WORK REQUIRED:
The line containing "Homem ajusta o" marks the end; return exactly every line from the start of the records up to and including it, but no pictures.

(RECORDS FOR THE EXERCISE Opens)

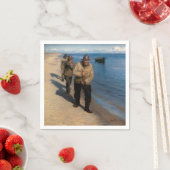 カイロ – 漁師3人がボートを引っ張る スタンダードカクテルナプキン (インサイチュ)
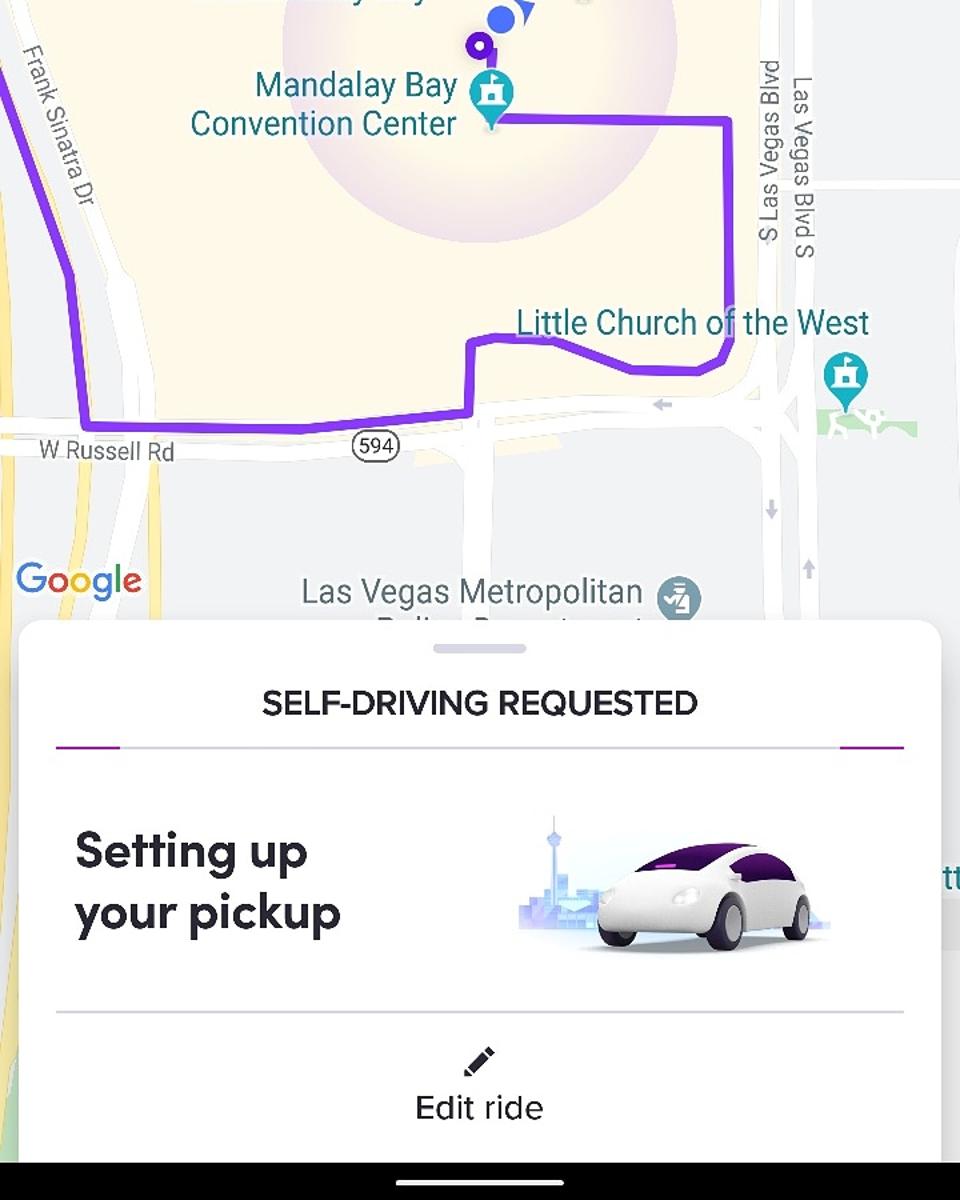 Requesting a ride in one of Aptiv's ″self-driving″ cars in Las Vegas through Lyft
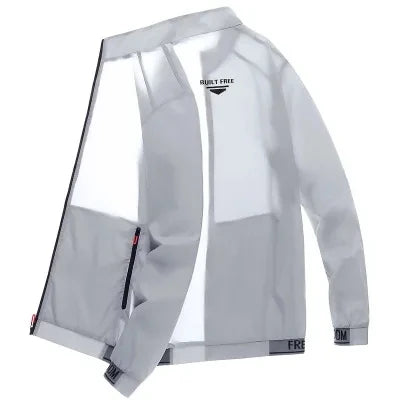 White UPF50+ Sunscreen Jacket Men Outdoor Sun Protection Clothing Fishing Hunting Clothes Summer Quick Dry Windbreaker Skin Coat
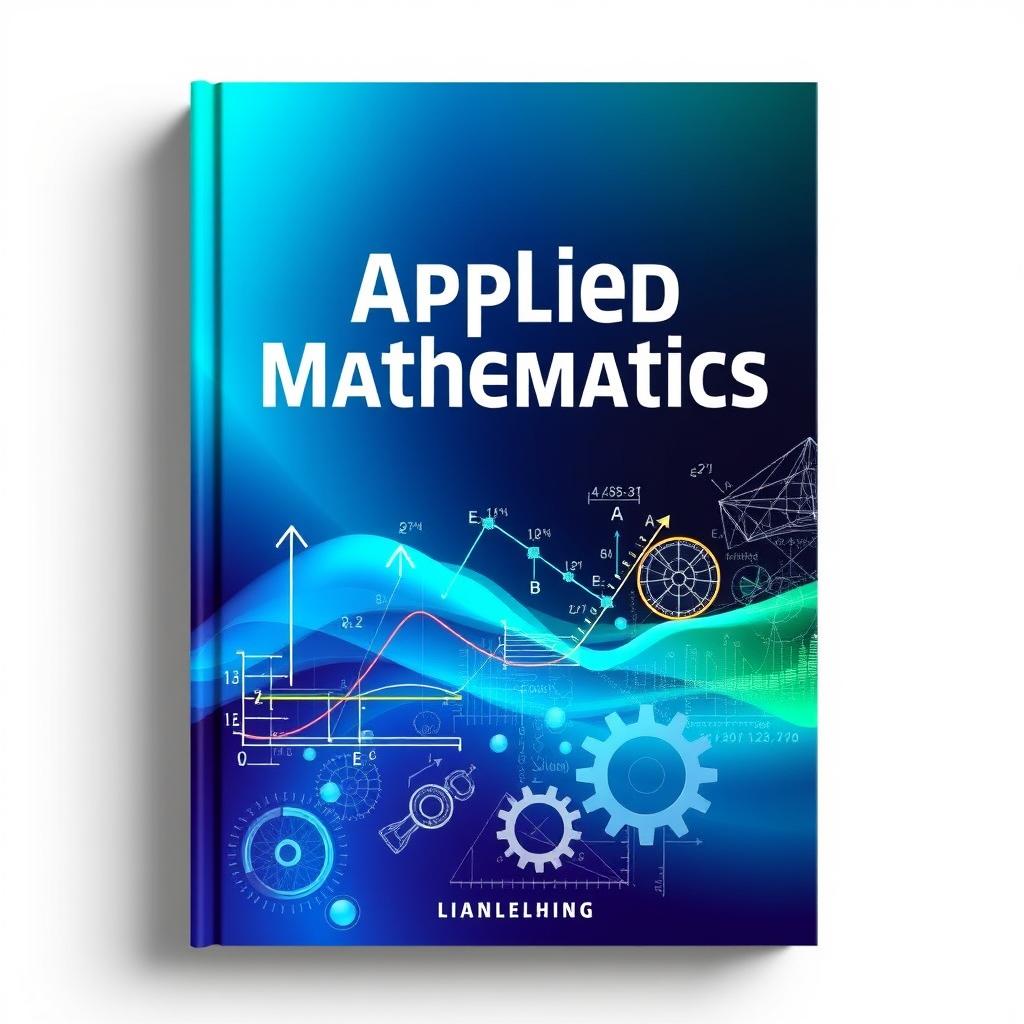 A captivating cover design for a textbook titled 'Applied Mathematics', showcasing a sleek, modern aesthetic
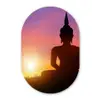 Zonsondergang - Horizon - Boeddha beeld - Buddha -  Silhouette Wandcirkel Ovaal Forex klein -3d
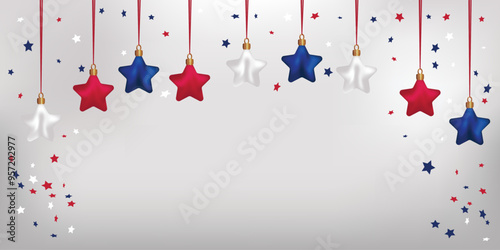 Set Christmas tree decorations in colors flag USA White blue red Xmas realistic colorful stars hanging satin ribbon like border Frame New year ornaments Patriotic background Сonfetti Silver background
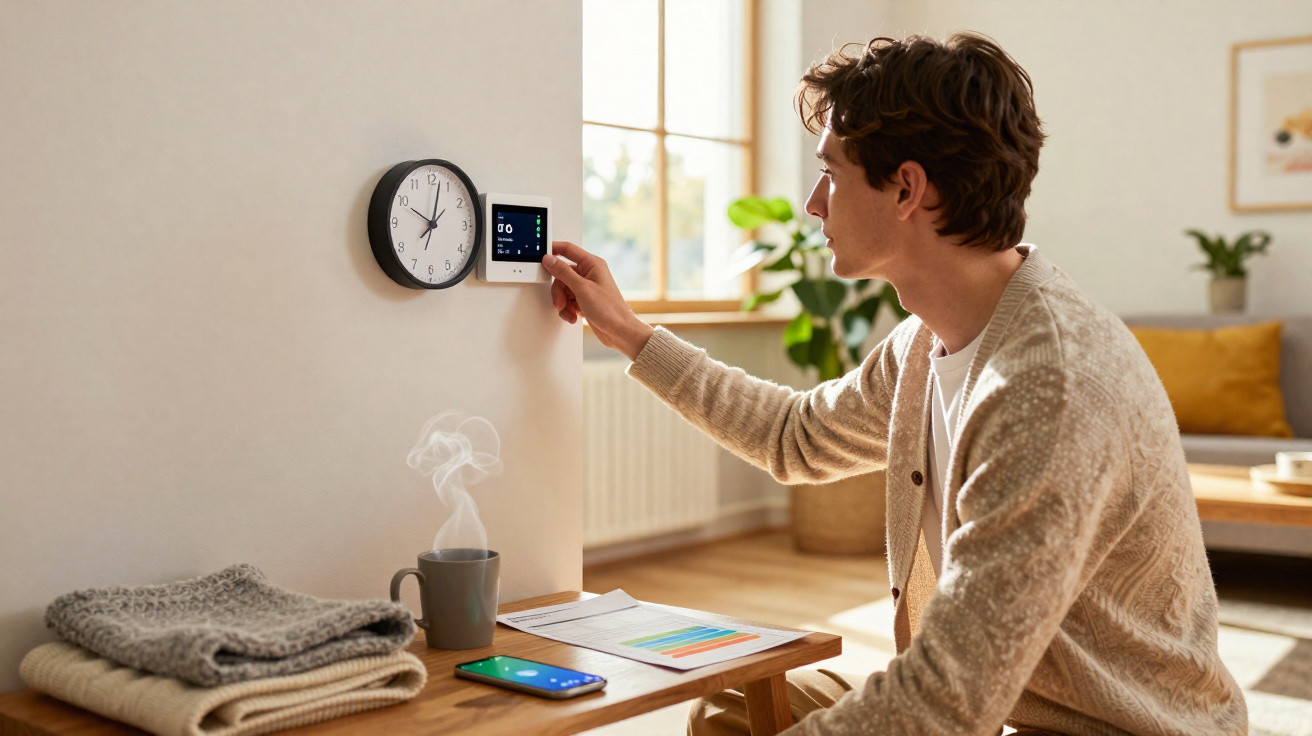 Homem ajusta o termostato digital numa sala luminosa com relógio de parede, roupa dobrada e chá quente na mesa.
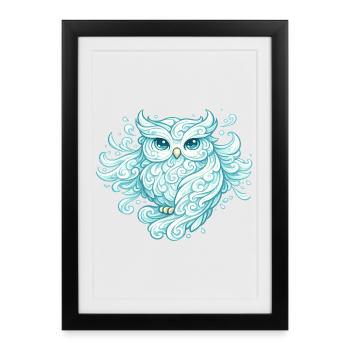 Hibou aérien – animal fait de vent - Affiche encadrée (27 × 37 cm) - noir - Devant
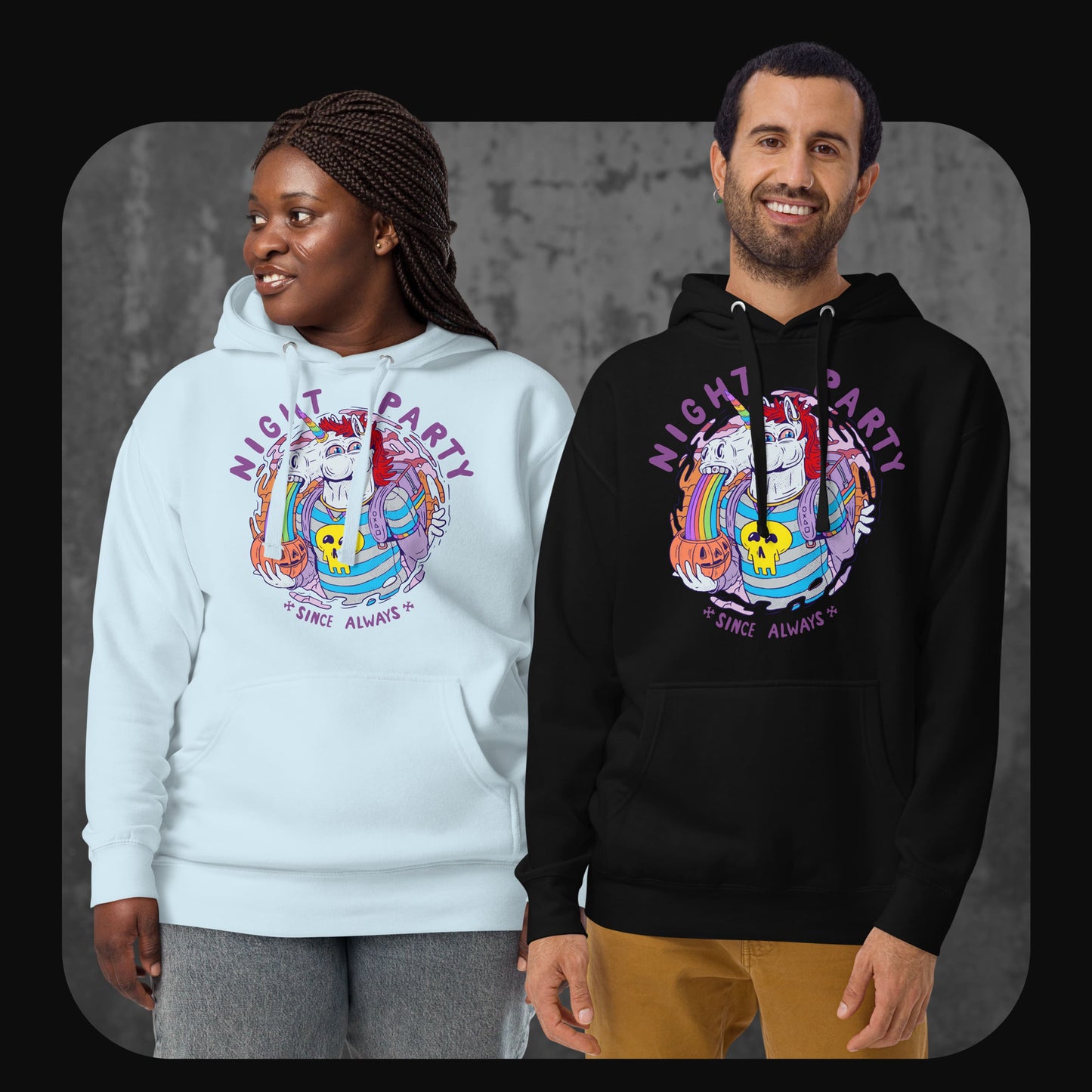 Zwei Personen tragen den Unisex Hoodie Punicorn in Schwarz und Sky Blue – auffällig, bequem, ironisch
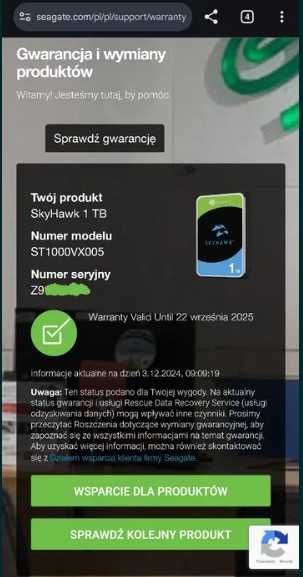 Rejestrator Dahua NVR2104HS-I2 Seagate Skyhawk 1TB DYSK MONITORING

(RECORDS FOR THE EXERCISE Closes)

ANSWER TO THIS EXERCISE:
 カイロ – 漁師3人がボートを引っ張る スタンダードカクテルナプキン (インサイチュ)
 Requesting a ride in one of Aptiv's ″self-driving″ cars in Las Vegas through Lyft
 White UPF50+ Sunscreen Jacket Men Outdoor Sun Protection Clothing Fishing Hunting Clothes Summer Quick Dry Windbreaker Skin Coat
 A captivating cover design for a textbook titled 'Applied Mathematics', showcasing a sleek, modern aesthetic
 Zonsondergang - Horizon - Boeddha beeld - Buddha -  Silhouette Wandcirkel Ovaal Forex klein -3d
 Set Christmas tree decorations in colors flag USA White blue red Xmas realistic colorful stars hanging satin ribbon like border Frame New year ornaments Patriotic background Сonfetti Silver background
 Homem ajusta o termostato digital numa sala luminosa com relógio de parede, roupa dobrada e chá quente na mesa.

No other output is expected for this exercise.